İbrahim GÜÇLÜ
11 Mart 1970 yılında Kürdistan’daki Eylül Milli Devrimi karşısından yenilen Irak’taki Baas Rejimi, Kürdistan Demokrat Partisi (KDP), Kürdistan Milli Devrim Hareketinin lideri Mustafa Barzani ile anlaşmak zorunda kaldı. Kürdistan’da Kürtlerin fiilen kurulan iktidarı ve egemenliğine, hukuki anlamda ve Irak devlet sistemi tarafından “evet” denildi.
Ne yazık ki 11 Mart 1970 Deklarasyonunda Kerkük’ün statüsü için kabul edilen referandumun engellenmesi için Baas Rejimi tarafından olağanüstü çaba gösterildi. Bunun için Kürdistan Milli Lideri ve Kürdistan Otonomisinin Başkanı Mustafa Barzani’ye suikastlar düzenlendi.

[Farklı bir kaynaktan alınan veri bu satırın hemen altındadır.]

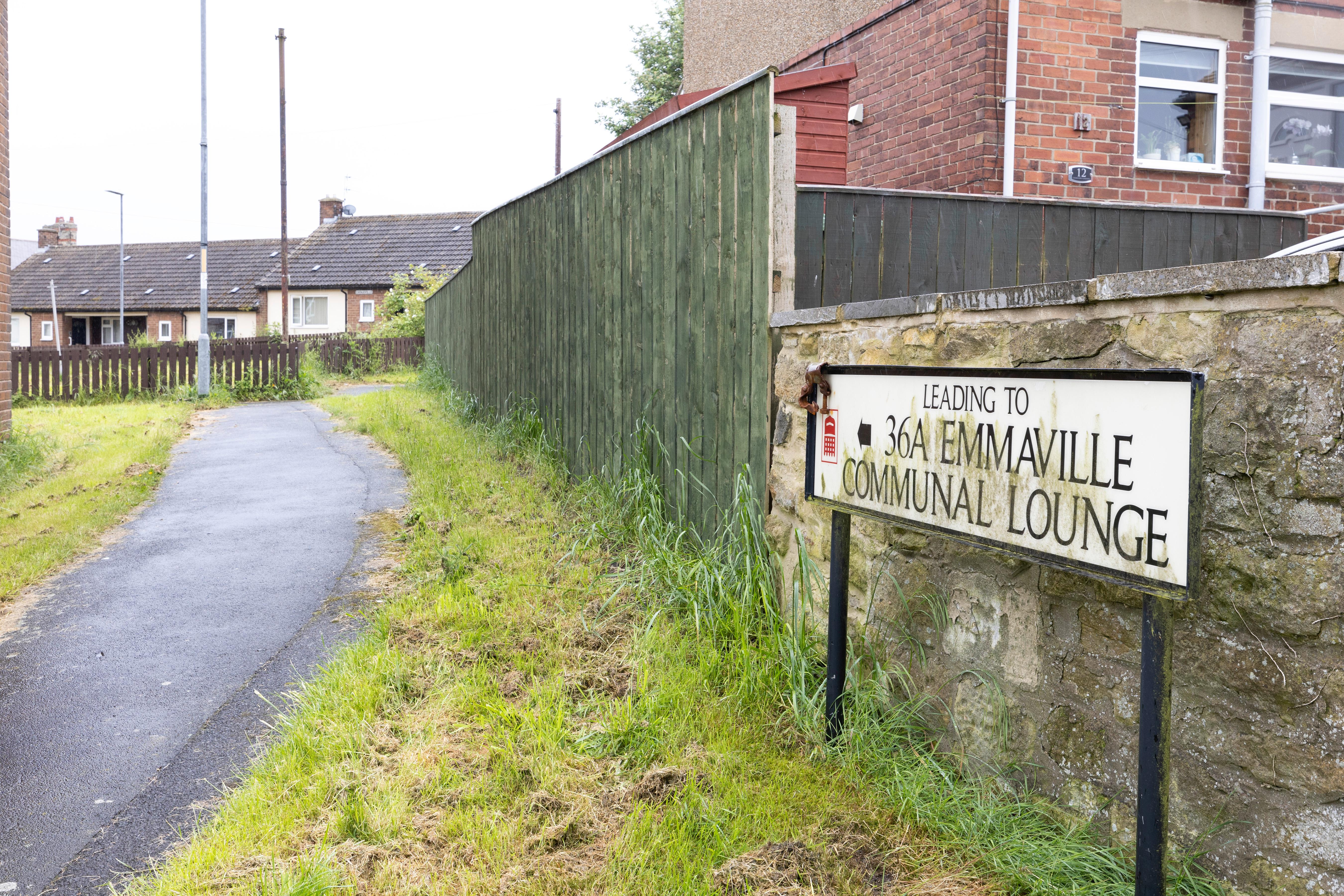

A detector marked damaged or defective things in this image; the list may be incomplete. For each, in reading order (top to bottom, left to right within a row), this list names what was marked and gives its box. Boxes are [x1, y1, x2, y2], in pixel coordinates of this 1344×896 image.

Baas Rejimi bu saldırı ve suikastlarda başarıya ulaşamayınca, Mart 1974 yılında Sovyetler Birliği’nin askeri ve siyasi desteğiyle Kürdistan’a ve Kürt milletine karşı savaş başlattı. Bu savaşta da ilk dönemlerde başarılı olamadı. Başarı sağlamak için, desteğe ihtiyacı vardı. Bunun için de, kendi çıkarları için Kürdistan’daki milli savaşı sınırlı da olsa destekleyen İran sömürgeci Devleti ile kirli Cezayir Antlaşmasını yaptı. Bu antlaşma, aynı zamanda ABD desteğinin de Kürdistan milli Savaşında son bulmasına neden oldu. Bu da savaşın Irak Baas Rejimi lehine sonuçlanmasına neden oldu. Çünkü Kürdistan Otonomi yönetimi ve başkanı Mustafa Barzani, bir Kürt katliamının olmaması için savaşı durdurdular ve silahları bırakmayı karar altına aldılar.

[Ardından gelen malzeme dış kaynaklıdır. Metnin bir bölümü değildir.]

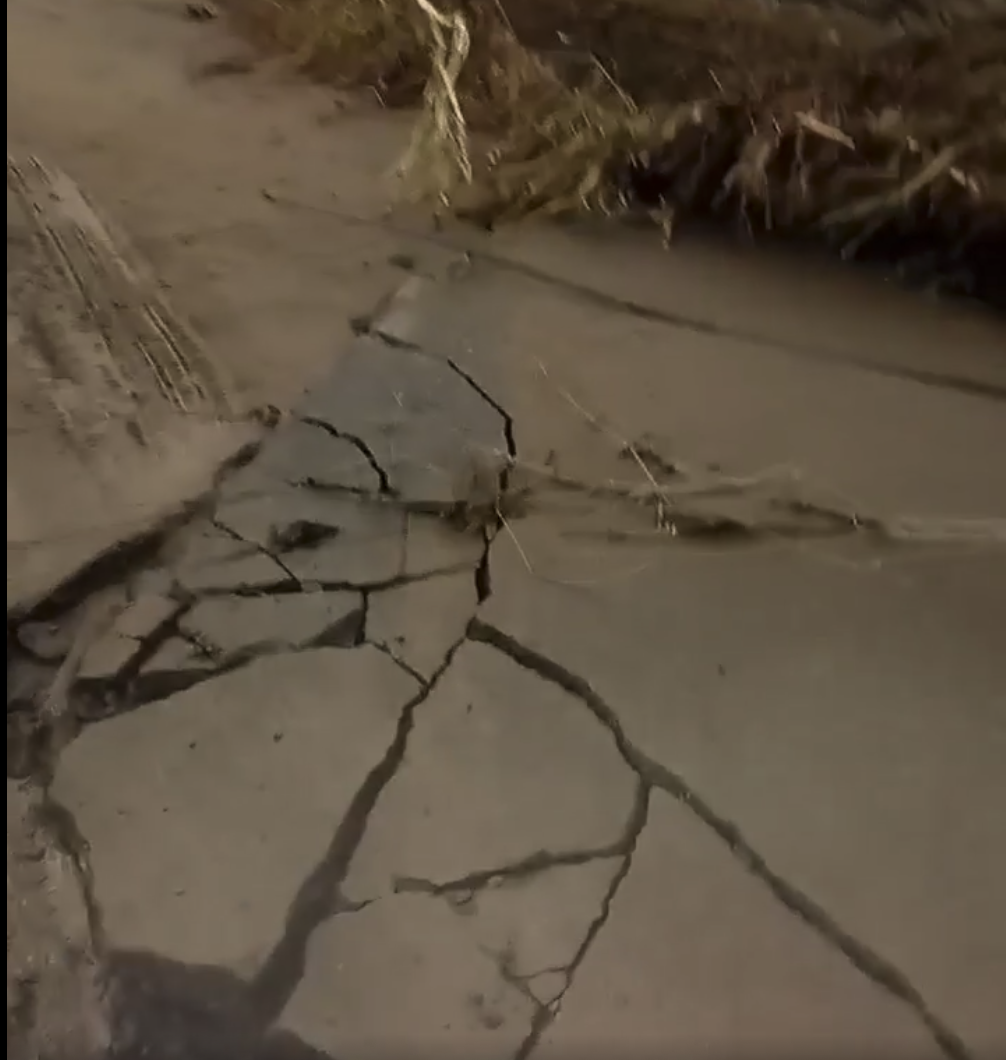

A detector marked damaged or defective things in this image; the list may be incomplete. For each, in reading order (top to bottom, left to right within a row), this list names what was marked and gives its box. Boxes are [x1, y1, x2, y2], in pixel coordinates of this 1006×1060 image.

broken concrete slab [294, 337, 506, 506]
broken concrete slab [180, 589, 360, 652]
broken concrete slab [368, 572, 479, 678]
broken concrete slab [54, 644, 415, 970]
broken concrete slab [345, 640, 636, 898]
large crack in concrete [466, 619, 979, 1060]
broken concrete slab [534, 797, 941, 1060]
broken concrete slab [479, 521, 1004, 1060]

Buna rağmen Irak Baas Rejimi kitlesel cinayetlerine devam etti. En tehlikeli olan projesini hayata geçirmeye başladı. Kürdistan’ın Araplaştırılması için, Kürtleri Irak’ın Güney ve Arap Bölgelerine kitlesel bir şekilde sürdü. Araplar da Kürdistan’a yerleştirildi.
Buna sesiz kalmanın, Kürdistan’ın yok olması anlamına geleceğini hesap eden KDP ve onun lideri Mesut Barzani, 1976 yılında, Mayıs Mili Devrim Hareketini başlattı. Kürdistan Yurtseverler Birliği (KYB) de kuruldu. KYB, Irak Baas Rejimine karşı mücadeleyi Suriye Baas Rejimi desteğiyle başlattı. Bu mücadele sonucunda Kürdistan’ın önemli bölgeleri Irak Baas Rejiminden kurtarıldı. Kürtlerin egemen ve iktidar olduğu alanlara dönüştürüldü. O bölgelerde Milli Devrim Yönetimi kuruldu.
Başka bir ifadeyle “Kurtarılmış Bölgeler” tesis edildi ve yönetilmeye başlandı.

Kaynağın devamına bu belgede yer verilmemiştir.